-- DATA EXCERPT --
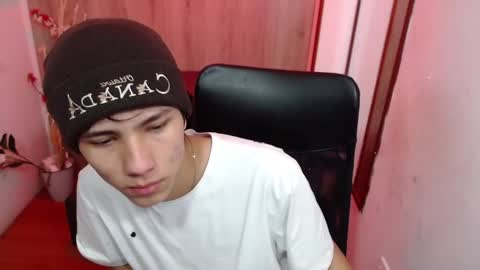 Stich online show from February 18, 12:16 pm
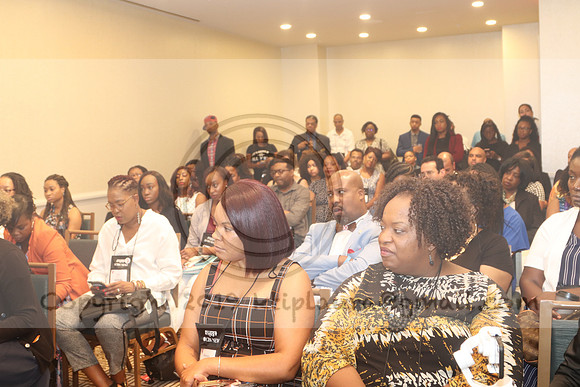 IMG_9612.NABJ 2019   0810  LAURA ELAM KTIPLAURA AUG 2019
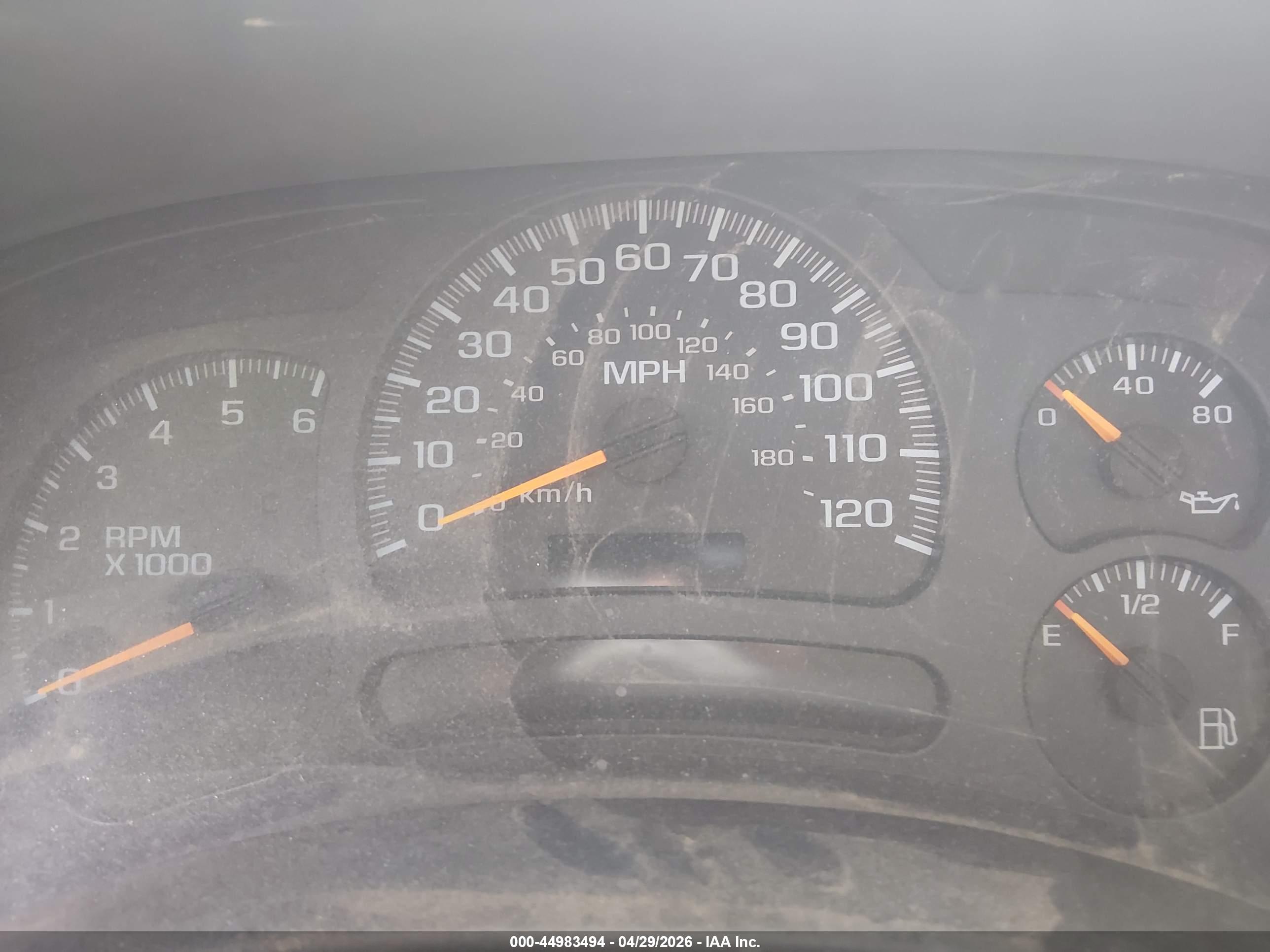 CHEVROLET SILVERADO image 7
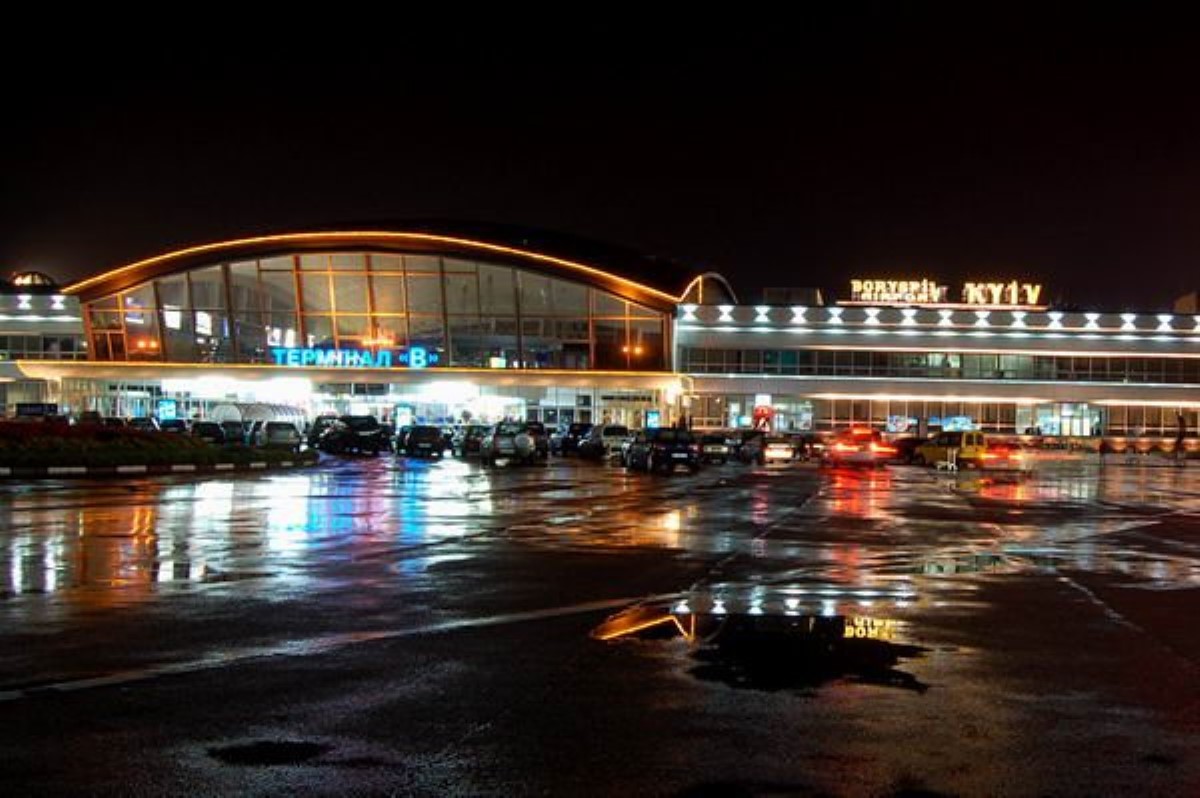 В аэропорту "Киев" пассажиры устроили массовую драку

-- DESCRIPTION OF THE TASK --
The entire listing above, minus its pictures, should be copied out exactly.

-- RESULT OF THIS TASK --
 Stich online show from February 18, 12:16 pm
 IMG_9612.NABJ 2019   0810  LAURA ELAM KTIPLAURA AUG 2019
 CHEVROLET SILVERADO image 7
 В аэропорту "Киев" пассажиры устроили массовую драку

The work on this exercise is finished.